• [EXERCISE] Print the line that contains "Slef-Cleaning - Image 2" and every line after it through the last line of the records below, exactly as written and nothing else.

• [ENTRIES PROVIDED]
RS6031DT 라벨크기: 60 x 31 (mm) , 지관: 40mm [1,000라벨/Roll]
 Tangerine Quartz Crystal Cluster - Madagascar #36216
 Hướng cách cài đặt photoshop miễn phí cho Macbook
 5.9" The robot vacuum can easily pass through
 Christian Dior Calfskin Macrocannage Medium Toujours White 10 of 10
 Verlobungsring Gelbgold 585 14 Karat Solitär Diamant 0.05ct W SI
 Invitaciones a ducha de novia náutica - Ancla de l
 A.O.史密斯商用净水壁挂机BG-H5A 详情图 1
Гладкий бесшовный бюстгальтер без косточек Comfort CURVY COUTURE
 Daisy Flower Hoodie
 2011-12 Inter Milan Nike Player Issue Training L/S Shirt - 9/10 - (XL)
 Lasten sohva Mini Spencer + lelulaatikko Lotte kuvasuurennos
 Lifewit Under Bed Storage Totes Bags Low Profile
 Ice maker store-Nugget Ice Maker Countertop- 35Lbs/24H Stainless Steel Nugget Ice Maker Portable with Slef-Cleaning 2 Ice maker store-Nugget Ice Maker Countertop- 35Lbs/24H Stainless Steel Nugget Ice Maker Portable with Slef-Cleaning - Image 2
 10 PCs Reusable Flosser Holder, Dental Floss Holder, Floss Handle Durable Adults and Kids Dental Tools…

• [WRITTEN ANSWER]
 Ice maker store-Nugget Ice Maker Countertop- 35Lbs/24H Stainless Steel Nugget Ice Maker Portable with Slef-Cleaning 2 Ice maker store-Nugget Ice Maker Countertop- 35Lbs/24H Stainless Steel Nugget Ice Maker Portable with Slef-Cleaning - Image 2
 10 PCs Reusable Flosser Holder, Dental Floss Holder, Floss Handle Durable Adults and Kids Dental Tools…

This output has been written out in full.